The order and process of this workshop was extremely moving. At the end of the workshop, I tearfully expressed to Sharon and everyone else in the room, “This workshop made my Alternatives.”
I truly believe that Sharon Wise is an excellent motivational speaker. Her son being included in the workshop’s course of action made it even more of an amazing process for me. I look forward to next year’s Alternatives Conference, and I hope to attend more workshops facilitated by Sharon Wise. I know her story would benefit others. So I nominate and advocate for Sharon Wise to be a keynote speaker at Alternatives 2012 Conference!
I stepped out into a warm rain as I left the SAMHSA ADS Center meeting this morning. As I dodged the droplets, trying in vain to stay dry, it occurred to me: We at this conference are those raindrops. As individuals we are mere single drops of water. As small groups in our organizations we are a steady rain. But if we can join together on a larger scale, we become a massive rushing river.
Make no mistake, one single drop of water has power — as anyone who has tried to sleep through the surprisingly disturbing sound of a slowly dripping sink can attest. But it pales in comparison to the power of water drops combined into a massive rushing river — a force that can knock down buildings and carve through the hardest of granite.

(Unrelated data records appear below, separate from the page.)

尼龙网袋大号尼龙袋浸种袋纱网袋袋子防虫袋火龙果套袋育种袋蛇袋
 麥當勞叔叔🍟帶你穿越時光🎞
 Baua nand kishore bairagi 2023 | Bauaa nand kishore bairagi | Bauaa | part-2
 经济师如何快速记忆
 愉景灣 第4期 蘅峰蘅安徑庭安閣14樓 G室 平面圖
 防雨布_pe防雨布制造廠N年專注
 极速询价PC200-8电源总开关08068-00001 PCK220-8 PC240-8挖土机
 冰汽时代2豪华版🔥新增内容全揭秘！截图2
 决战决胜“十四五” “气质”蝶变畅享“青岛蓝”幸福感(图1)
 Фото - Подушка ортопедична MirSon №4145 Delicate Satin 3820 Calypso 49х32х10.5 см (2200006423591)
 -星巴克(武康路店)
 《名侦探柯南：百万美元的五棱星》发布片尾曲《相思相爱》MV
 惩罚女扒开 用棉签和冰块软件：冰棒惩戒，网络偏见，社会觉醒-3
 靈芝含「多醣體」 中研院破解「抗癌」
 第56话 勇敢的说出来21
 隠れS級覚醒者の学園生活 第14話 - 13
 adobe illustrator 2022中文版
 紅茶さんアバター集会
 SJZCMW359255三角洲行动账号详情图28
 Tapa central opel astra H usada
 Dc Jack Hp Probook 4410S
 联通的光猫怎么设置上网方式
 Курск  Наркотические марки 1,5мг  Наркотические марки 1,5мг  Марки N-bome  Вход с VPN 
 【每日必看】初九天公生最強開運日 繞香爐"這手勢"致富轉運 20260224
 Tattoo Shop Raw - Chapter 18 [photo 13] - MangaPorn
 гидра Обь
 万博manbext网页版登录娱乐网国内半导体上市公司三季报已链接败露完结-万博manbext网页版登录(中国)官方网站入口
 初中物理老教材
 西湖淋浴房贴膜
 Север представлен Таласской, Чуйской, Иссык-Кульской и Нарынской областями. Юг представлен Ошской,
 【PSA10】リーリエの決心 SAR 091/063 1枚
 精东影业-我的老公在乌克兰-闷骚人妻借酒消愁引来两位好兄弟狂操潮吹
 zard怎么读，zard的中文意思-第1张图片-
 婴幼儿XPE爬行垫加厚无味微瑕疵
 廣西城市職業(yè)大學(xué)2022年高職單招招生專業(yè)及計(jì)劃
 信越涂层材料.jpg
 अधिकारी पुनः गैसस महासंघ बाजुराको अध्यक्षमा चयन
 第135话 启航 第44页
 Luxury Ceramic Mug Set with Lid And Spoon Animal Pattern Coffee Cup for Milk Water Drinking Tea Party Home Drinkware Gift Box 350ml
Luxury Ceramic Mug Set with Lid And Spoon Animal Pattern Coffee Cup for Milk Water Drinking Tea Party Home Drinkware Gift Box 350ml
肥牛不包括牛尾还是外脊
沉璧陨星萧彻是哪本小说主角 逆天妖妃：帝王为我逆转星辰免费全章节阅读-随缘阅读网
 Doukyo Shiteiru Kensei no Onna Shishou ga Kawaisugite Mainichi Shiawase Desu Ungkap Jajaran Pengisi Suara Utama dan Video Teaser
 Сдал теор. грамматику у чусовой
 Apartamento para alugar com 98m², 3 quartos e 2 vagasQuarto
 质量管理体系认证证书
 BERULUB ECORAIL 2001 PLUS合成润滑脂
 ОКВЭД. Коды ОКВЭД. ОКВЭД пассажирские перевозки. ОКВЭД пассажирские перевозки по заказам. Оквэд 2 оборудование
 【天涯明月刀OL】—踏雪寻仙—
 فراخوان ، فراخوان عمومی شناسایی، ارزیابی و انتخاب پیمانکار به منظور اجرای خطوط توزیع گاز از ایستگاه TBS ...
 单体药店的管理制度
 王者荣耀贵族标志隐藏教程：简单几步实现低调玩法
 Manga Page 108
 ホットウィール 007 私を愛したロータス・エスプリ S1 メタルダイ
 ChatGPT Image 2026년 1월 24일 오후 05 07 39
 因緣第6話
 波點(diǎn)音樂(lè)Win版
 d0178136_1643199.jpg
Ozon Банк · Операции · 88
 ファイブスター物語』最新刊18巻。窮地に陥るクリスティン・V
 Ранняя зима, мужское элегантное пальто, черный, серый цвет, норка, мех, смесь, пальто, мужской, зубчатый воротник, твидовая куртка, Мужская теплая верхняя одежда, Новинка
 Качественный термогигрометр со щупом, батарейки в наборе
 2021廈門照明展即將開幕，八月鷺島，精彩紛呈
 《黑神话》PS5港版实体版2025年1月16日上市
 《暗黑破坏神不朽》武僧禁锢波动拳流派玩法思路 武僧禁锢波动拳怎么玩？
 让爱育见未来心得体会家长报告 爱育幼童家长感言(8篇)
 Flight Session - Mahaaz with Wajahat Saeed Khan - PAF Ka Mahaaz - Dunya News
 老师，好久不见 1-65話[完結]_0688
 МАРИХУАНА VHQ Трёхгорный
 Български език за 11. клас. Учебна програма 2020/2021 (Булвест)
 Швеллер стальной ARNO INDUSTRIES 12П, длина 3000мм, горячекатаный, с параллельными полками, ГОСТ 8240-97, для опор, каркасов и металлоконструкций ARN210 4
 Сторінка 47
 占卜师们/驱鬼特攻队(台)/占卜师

I can feel the river swelling when I'm at Alternatives, and at meetings like the SAMHSA ADS Center gathering this morning. Over breakfast we had the opportunity to meet and put faces with the names and disembodied voices we have heard on so many conference calls. Even more powerfully, we had the chance to hear about the wonderful projects and creative ways in which these individuals and organizations were helping to change the national mindset about people with mental health issues.
Participants proudly shared updates on projects as varied as poetry for personal power, art as a tool to talk about trauma in a non-threatening manner, films about young adults in recovery from mental health and substance abuse issues, lessons learned from work with different nations of Native Americans, and so much more.
While the projects and outcomes that people highlighted were wonderful, the truly compelling part of this meeting was watching the connections happening around the tables as people spoke. Slowly, and then more rapidly, individuals started seeing connections between the work that was being done. Tools developed for one program were just the thing that another needed to move forward. Problems that seemed insurmountable in one community were offered new solutions from a similar problem in another region.
This is why national gatherings like Alternatives are so important to our work. You see it time and again: The energy changes around the table. People realize they are no longer working in isolation, are no longer the only voice for change. You sense there are others with you in the work. The water drops begin to coalesce into a downpour, and then the downpour becomes a river.
Suddenly, the impenetrable granite wall of public stigma against people living with a mental health issue doesn't look so formidable and unchangeable after all.